Judicial Jeopardy 2015

We’ve listed the questions in the Judicial Jeopardy Quiz — see how many you know!

Talking Turnarounds

The first panel program, titled “Renegades, Recalcitrants and Opportunities Throughout the Capital Structure,” focused on restructurings and turnarounds and featured Jeffrey C. Hampton, partner & co-chair of the bankruptcy and restructuring department at Saul Ewing; Vincent Belcastro, managing director/group head of corporate equipment finance at Santander Bank; Robert D. Katz, of Executive Sounding Board Associates; Michael S. Goodman, managing director, of SSG Capital Advisors and Allen Wilen, partner at EisnerAmper.

This program utilized a case study, as well as “Sudden and Second Thoughts” on how to be opportunistic. The case study involved the saga of “Winches ‘R’ Us Company,” a $100 million manufacturer and distributor of industrial and consumer-related winches, primarily for heavy-duty and standard-duty towing businesses. For example, the company’s industrial-duty winches were made for manufacturing and equipment customers, while its consumer-duty winches were made for Jeeps and alternative terrain vehicles. The company’s normal course EBITDA levels was about $10 million, and its capital structure was the result of an “ABL-light” and leveraged finance transaction that had enabled the acquisition of the company by a private equity firm. The debt structure consisted of senior debt of $60 million divided into a $20 million revolver and a $40 million term loan, which allowed the company to leverage itself to six times its senior debt, and mezzanine debt of $20 million from a specialty debt fund. These two tranches increased total debt to 8X leverage.

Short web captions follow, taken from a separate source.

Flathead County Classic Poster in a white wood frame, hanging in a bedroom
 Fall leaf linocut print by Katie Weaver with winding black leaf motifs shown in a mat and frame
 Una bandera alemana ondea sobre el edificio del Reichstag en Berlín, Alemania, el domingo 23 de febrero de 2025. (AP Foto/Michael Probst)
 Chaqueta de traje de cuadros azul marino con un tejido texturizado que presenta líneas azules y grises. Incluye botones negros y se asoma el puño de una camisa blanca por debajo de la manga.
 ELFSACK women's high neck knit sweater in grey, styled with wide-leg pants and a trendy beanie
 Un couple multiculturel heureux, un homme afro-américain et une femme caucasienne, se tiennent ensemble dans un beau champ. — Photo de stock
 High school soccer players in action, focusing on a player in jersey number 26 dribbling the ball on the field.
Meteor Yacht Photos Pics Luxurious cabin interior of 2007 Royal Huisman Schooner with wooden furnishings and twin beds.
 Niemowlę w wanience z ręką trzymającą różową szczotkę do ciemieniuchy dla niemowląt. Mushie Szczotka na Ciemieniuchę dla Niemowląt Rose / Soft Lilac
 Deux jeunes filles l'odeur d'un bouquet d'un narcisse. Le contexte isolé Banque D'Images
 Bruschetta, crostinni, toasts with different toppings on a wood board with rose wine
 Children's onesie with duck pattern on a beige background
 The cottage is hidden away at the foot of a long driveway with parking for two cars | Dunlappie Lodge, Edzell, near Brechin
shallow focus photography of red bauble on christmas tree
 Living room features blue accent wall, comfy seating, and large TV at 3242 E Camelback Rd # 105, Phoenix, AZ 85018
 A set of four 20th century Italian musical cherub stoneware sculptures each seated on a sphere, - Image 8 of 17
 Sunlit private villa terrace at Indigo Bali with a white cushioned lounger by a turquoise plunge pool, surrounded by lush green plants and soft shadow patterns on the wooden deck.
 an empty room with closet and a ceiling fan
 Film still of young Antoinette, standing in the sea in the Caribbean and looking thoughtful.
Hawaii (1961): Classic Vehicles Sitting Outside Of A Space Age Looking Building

[caption id="attachment_37243" align="alignleft" width="300"]Villanova Session 1 2015

A Workout

The circumstances leading to the company winding up in workout included a failed effort to infuse additional equity. A restructuring advisor had been engaged to help raise equity for the company, but had difficulty obtaining information from the company. After heavy negotiations that lasted more than three months, the equity group declined to infuse additional equity, resulting in covenant defaults within 18 months of the deal having closed — “before the ink was dry on the documents.” After several covenant waivers within a one-year period, the lender transferred the credit to its workout group. By that point, revenue had trended down to $60 million, with EBITDA of $2 million. As a result, cash availability under the revolver was tight, with the lender maintaining control of blocked cash accounts. The company’s business continued to deteriorate, but the equity fund was not helpful in the process, and seemed mainly concerned about its own possible exposure, from a financial and credibility standpoint, and refused to inject more capital.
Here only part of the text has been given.